In the title essay of her collection Twelve Baskets of Crumbs, Elisabeth Elliot wrote about the process, after the death of her second husband, of gathering up the fragments of his life.  Clothing, wallets, golf clubs, diplomas, letters--all important pieces of his life.  She then talked about Christ, after feeding the multitude, sending his disciples to gather the fragments of bread and fish, that none of it be lost.  Somehow, the leftover broken pieces matter.

I think the value of writing, of quilting, and even of putting together a jigsaw puzzle, is in seeing the value of the fragments.  It's about recognizing something that hints at something larger and greater and more important.  About assembling pieces and bringing order out of chaos.
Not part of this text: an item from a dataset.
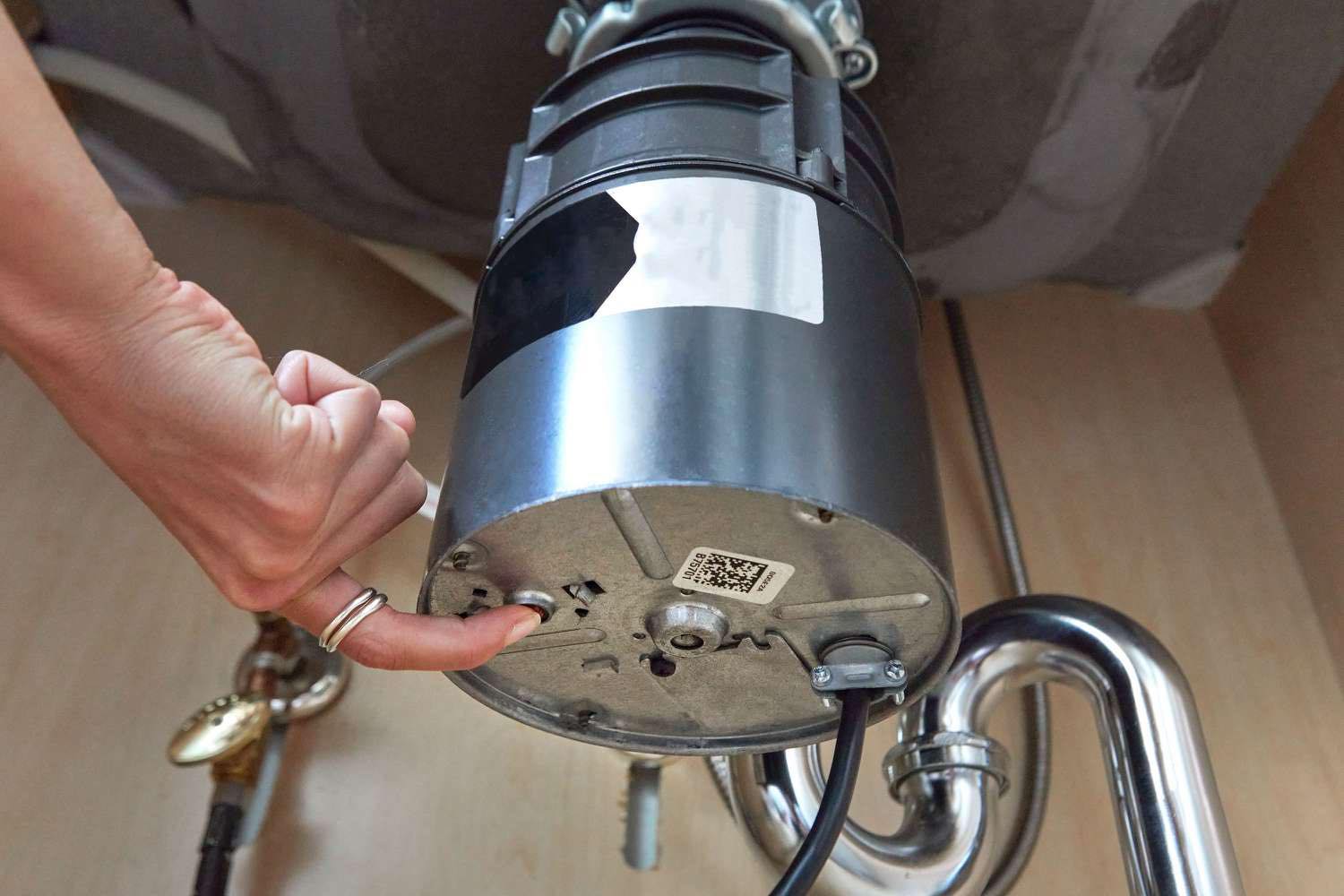 Why does your garbage disposal keep tripping the reset button?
Or maybe I'm just trying too hard to justify the hours I've spent putting puzzles together.

2 comments:

Elaine said...

Another memory jog - visiting my grandmother who almost always had a jigsaw puzzle on her dining room table. I watched my father's diligence as he would study the pieces and just as he could always spot a four leaf clover in the grass, he would find the difficult piece, place it precisely and walk away with a satisfied smile to chat and visit.
I probably have the same pleased look when I find a link to someone in my family history search. Just two days ago I found a reference to a lady I am sure is in my family posted in my high school alumni newsletter. A fragment, but my mind is busy thinking of how to get an introduction, will she agree to talk to me, what does she know, can she identify faces in the old photographs? Perhaps she will bring a little more order to the story.

Anonymous said...

A colossal waste of time? More so than the hundreds of hours Americans spend in front of a television "vegging out"? I don't think so. It is often during those mindless tasks that clarity comes- that gives us the greater picture. How wonderful to have found a way to shut out the noisy chatter of the world, to free yourself from distraction, resting mind and heart- sounds like a shadow of Heaven. Besides, I've heard doing puzzles helps to ward off dementia- that alone is a good enough reason to spend an hour or two with 500(or more) pieces of the Swiss Alps or Mt. Rushmore.